On Tuesday, the Environment Centre Northern Territory was in the NTCAT Westpoint Building in Alice Springs, pursuing an urgent stay application against Tamboran Resources’ Beetaloo Basin project.
Former New South Wales opposition climate change and energy minister Adam Searle, on behalf of Johnson Lawyers, represented Environment Centre NT in the hearing.
Mr Searle said the main focus of bringing the stay application was getting Tamboran’s Environment Management Plan reviewed by the Territory’s Environmental Protection Authority.

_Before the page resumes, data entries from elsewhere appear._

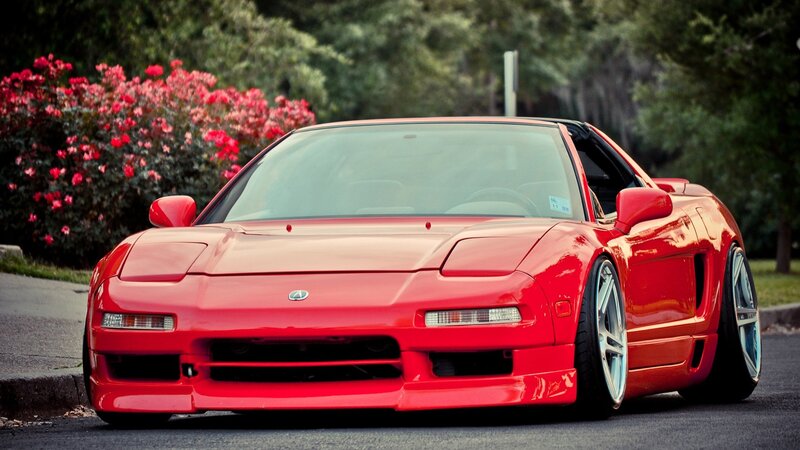 red sports car on street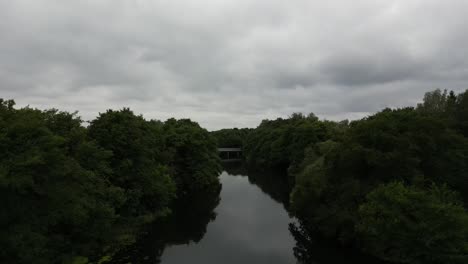 Drone-recording-of-the-Gudenå-River,-flies-over-and-along-the-stream-on-its-way-to-a-small-bridge,-the-drone-continues-over-the-bridge-and-finally-shows-a-beautiful-landscape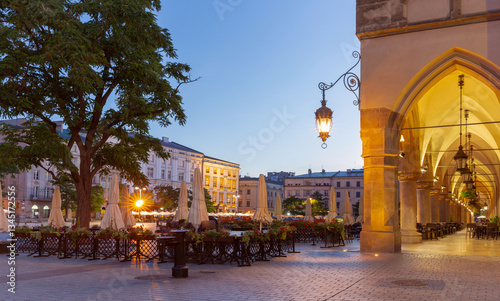 Obraz na płótnie Evening view of the Main Square in Krakow, Poland, featuring the illuminated arcade of the Cloth Hall and outdoor cafes with closed umbrellas w salonie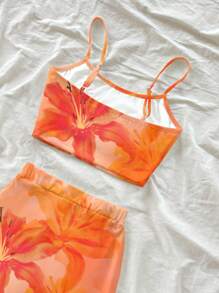 Soleia Bộ 2 món phong cách thường ngày đi nghỉ mát, họa tiết batik hoa ly cam và dâm bụt, gồm áo hai dây và chân váy thắt eo, thích hợp cho mùa hè đi chơi. - trái cam - Xem 5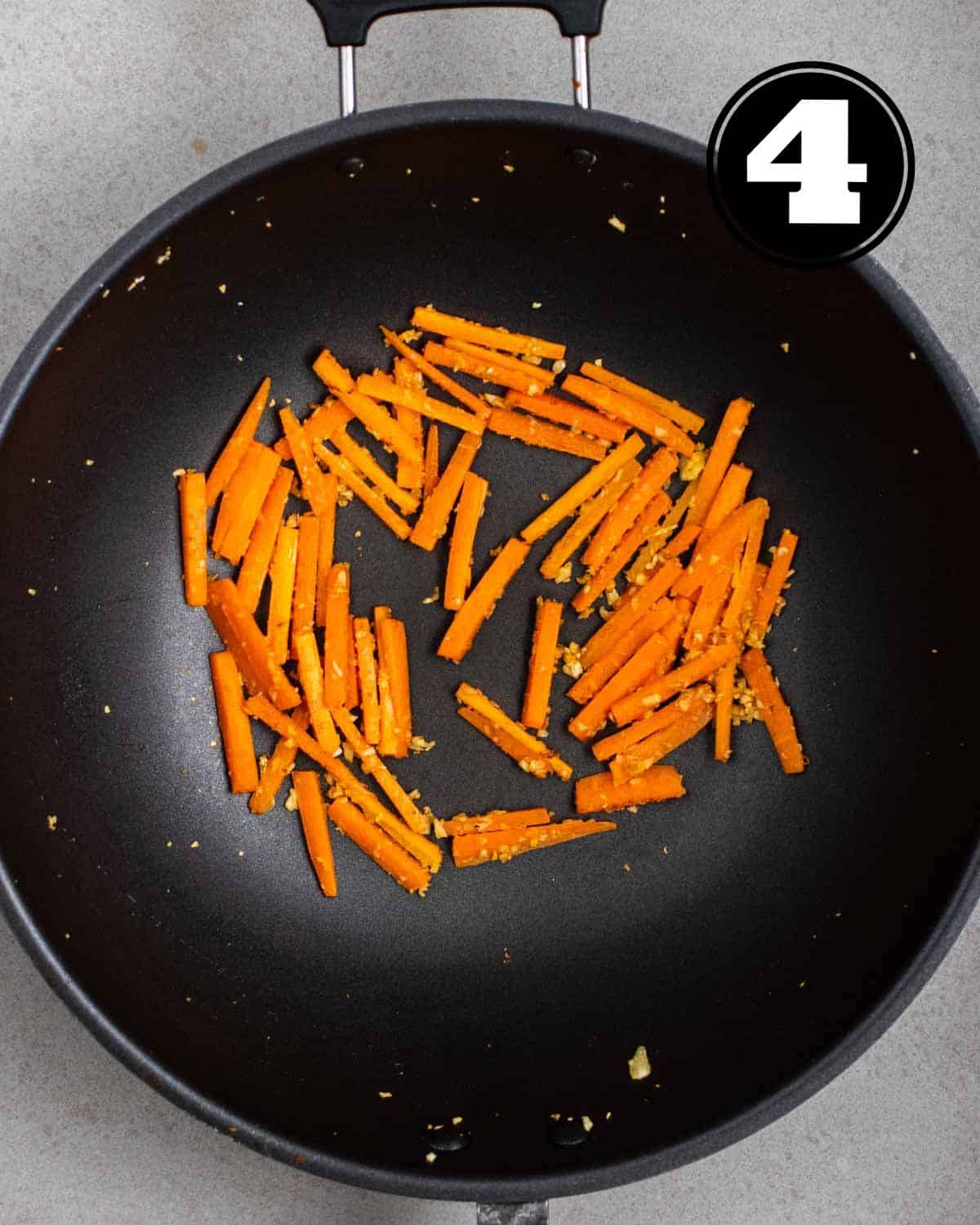 Cooked garlic and carrot in a wok.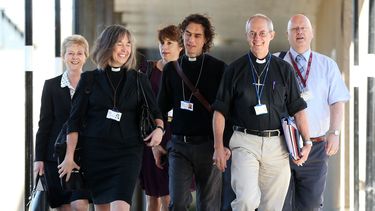 americateve | El arzobispo de Canterbury, Justin Welby, segundo de la derecha, y miembros no identificados del clero llegan a la reuni&oacute;n del S&iacute;nodo General en la Universidad de York, Inglaterra, el lunes 14 de julio del 2014. La Iglesia votar&aacute; para
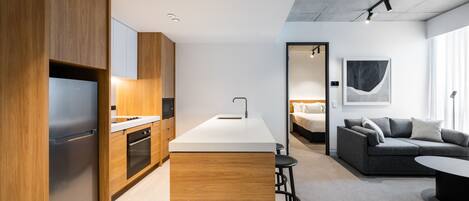 Una cocina moderna con armarios de madera, un refrigerador integrado y una isla central.
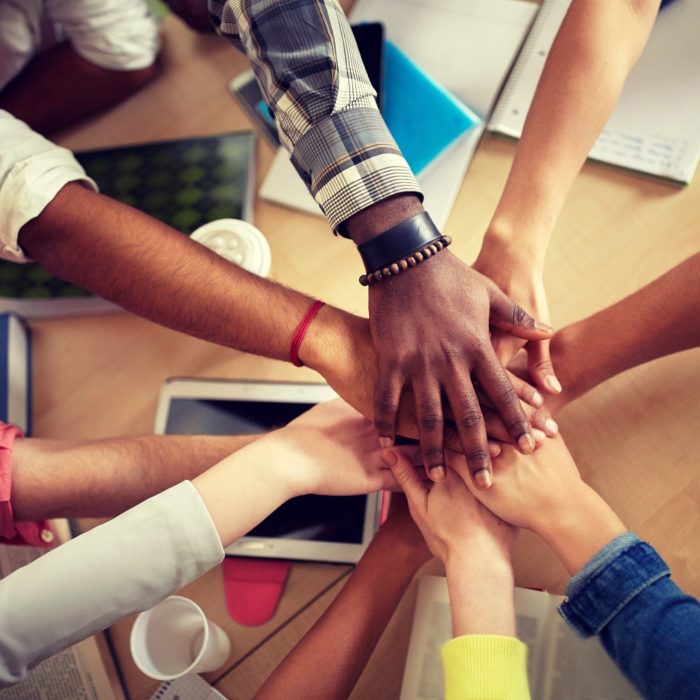 education, school, teamwork and people concept - close up of international students with hands on top of each other sitting at table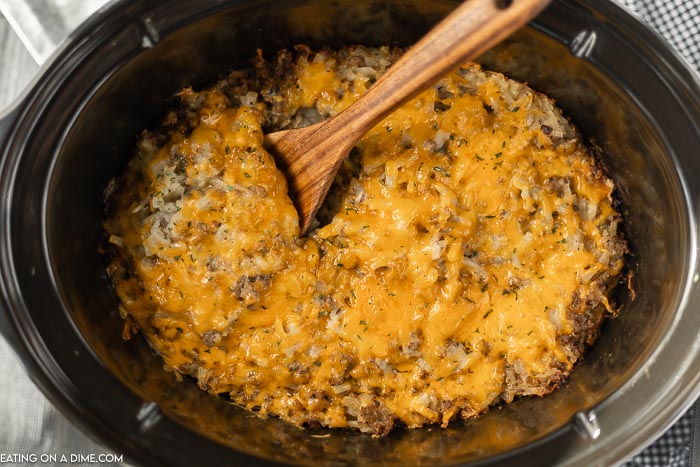 Close up image of Hamburger Casserole in the crock pot with a wooden spoon. 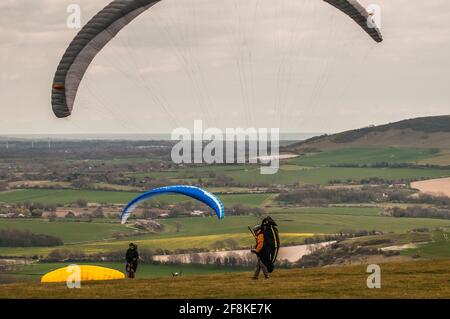 Bo Peep, Alciston, Lewes, East Sussex, Großbritannien. April 2021. Ein heller Start in den Tag mit zunehmender Wolke am Nachmittag. Kalter Wind aus dem Nordosten bringt Gleitschirmflieger nach Bo Peep auf den Southdowns weit über der herrlichen Landschaft von Sussex. Kredit: David Burr/Alamy Live Nachrichten Stockfoto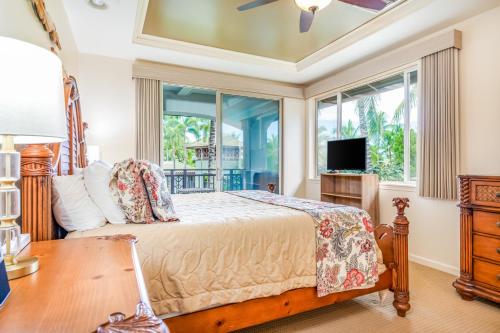 a bedroom with a bed and a desk and a tv at Mauna Lani Resort 1401 in Waikoloa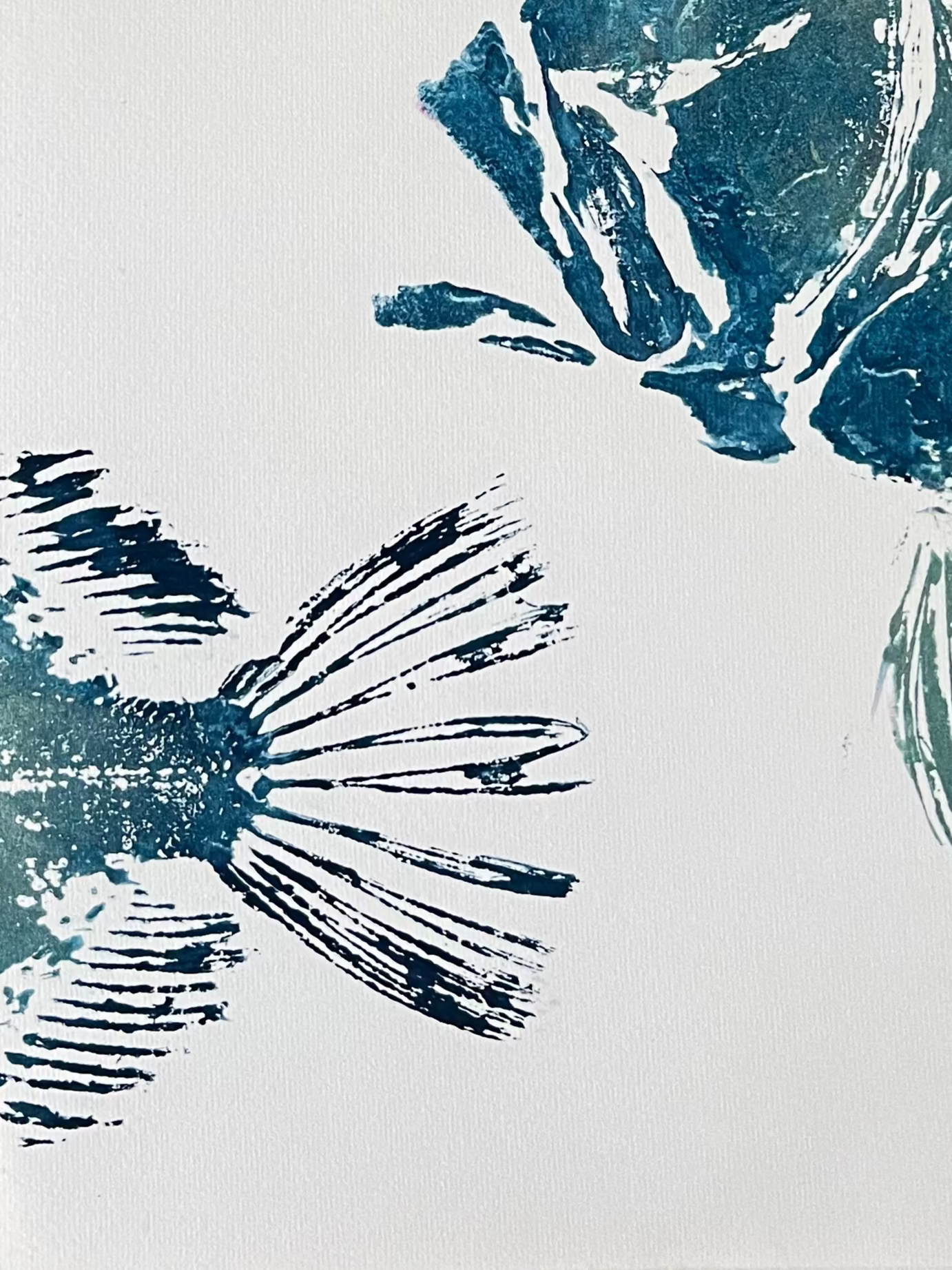 Card with a blue and white fish illustration on a textured brown background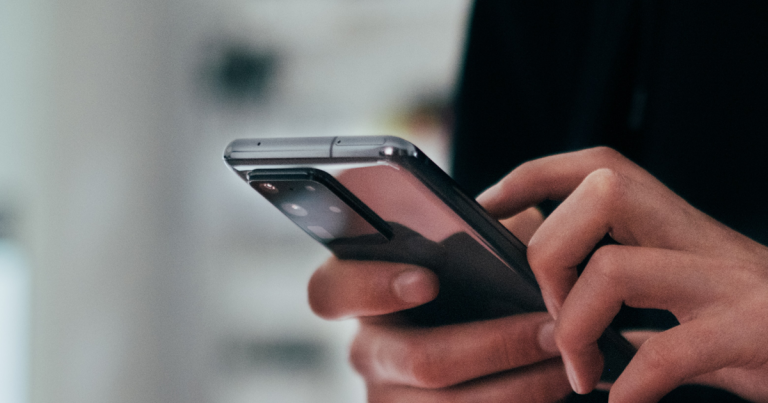 Close up of a person's hands holding a mobile phone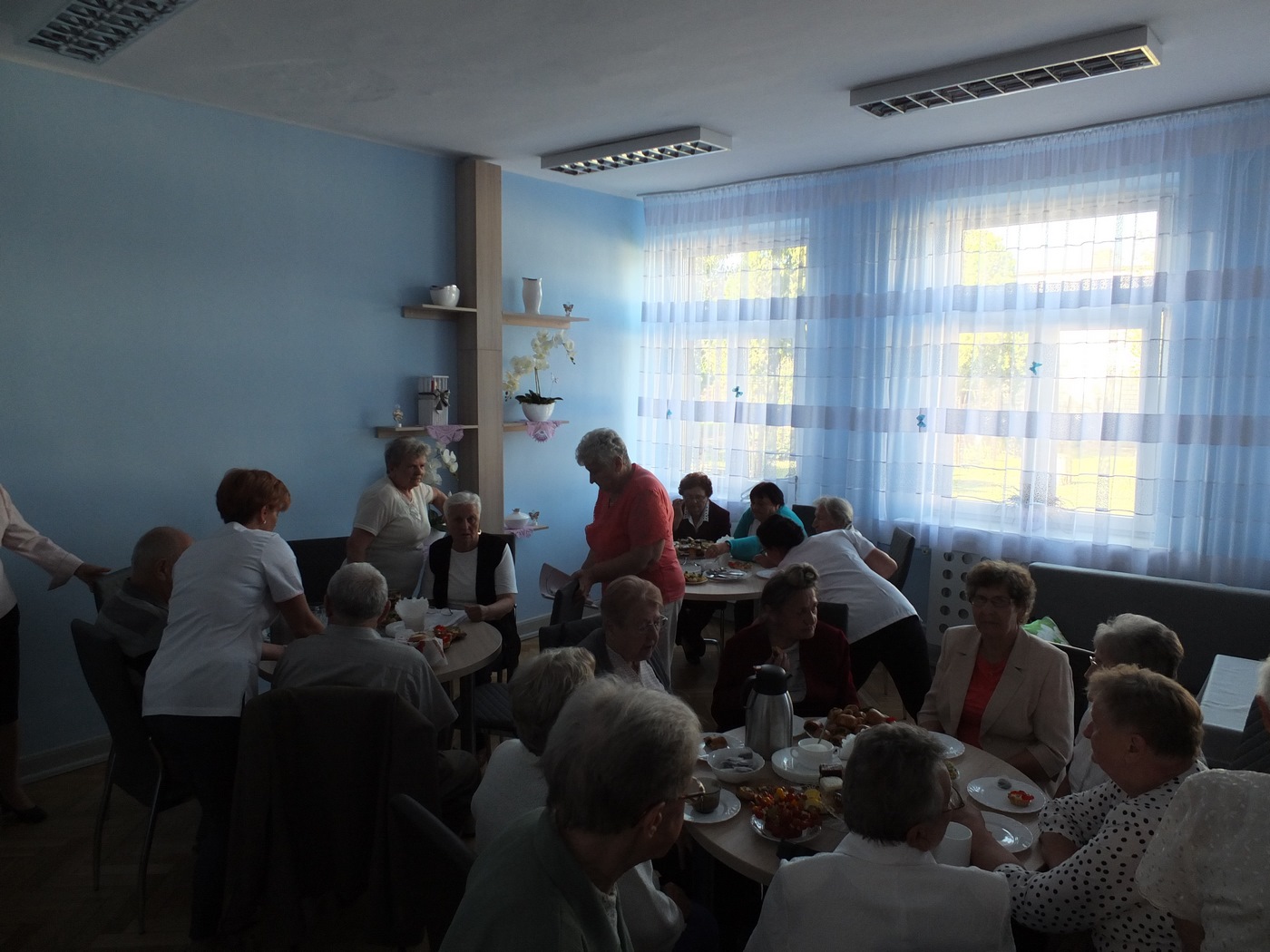 Uczestnicy Dziennego Domu Pomocy podczas poczęstunku na otwarcie Domu, uczestnicy siedzą przy stolikach w grupach, rozmawiają, jedzą ciasto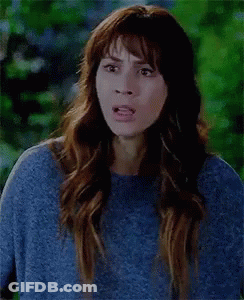 A Woman Is Wearing A Blue Sweater And Making A Funny Face . GIF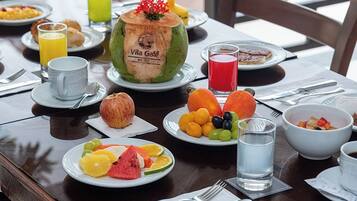 A breakfast table set with plates of fruit, a coconut, and beverages, with a view of greenery in the background.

Mr Searle argued the stay application was in the public interest, and how two reports from Professor Matthew Currell showed a number of risks hydraulic fracking posed to groundwater in Beetaloo Basin.
The hearing heard the two reports were authored in September and October this year, and the previous government did not see them when a decision was made on the basin, Mr Searle said.
“They weren’t before the EPA, they weren’t before the minister and that’s the basis upon which the stay application is brought,” he said.
Mr Searle said by bringing the stay application ECNT was “not acting in its own interests, it’s acting in a broader representative interest to maintain the integrity of the registry scheme as well as environmental protection”.
Mr Searle also sought no costs for ECNT.
The stay application was brought under the Petroleum Act 1994, with two members from ECNT making the trip the Red Centre to watch the hearing.
ECNT is seeking to use the stay application to pause Tamboran’s environmental management plan while the group seeks to overturn environmental approval granted for Tamboran to drill in Shenandoah South.
In June, Tamboran’s Beetaloo Basin was granted major project status by the then Lawler Labor government.
Representing Tamboran was Hamish Baddeley, who argued the stay application should be dismissed.
He said the NT EPA had already assessed the company’s proposal.
“We’ve got the NT EPA’s advice, and it’s at page 15 in section five (the EPA) assessed this and said ‘that at no stage in the life cycle, including post closure, would the activity (hydraulic fracking) on its own or cumulatively with other activities have a significant impact on the environment’,” he said.
Mr Baddeley also argued the environment management plan showed how the company would conduct operations in a safe manner and remediation works would be undertaken if necessary.
Mr Baddeley also sought much of the hearing to be closed due to a non publication order on third party contracts.
Presiding over the hearing was NTCAT president Mark O’Reilly, who closed the tribunal.
Once the hearing reopened, Lachlan Spargo-Peattie, representing the office of the environment minister, appeared via videolink and gave evidence.
Mr O’Reilly adjourned the matter to hand down a decision at a later date.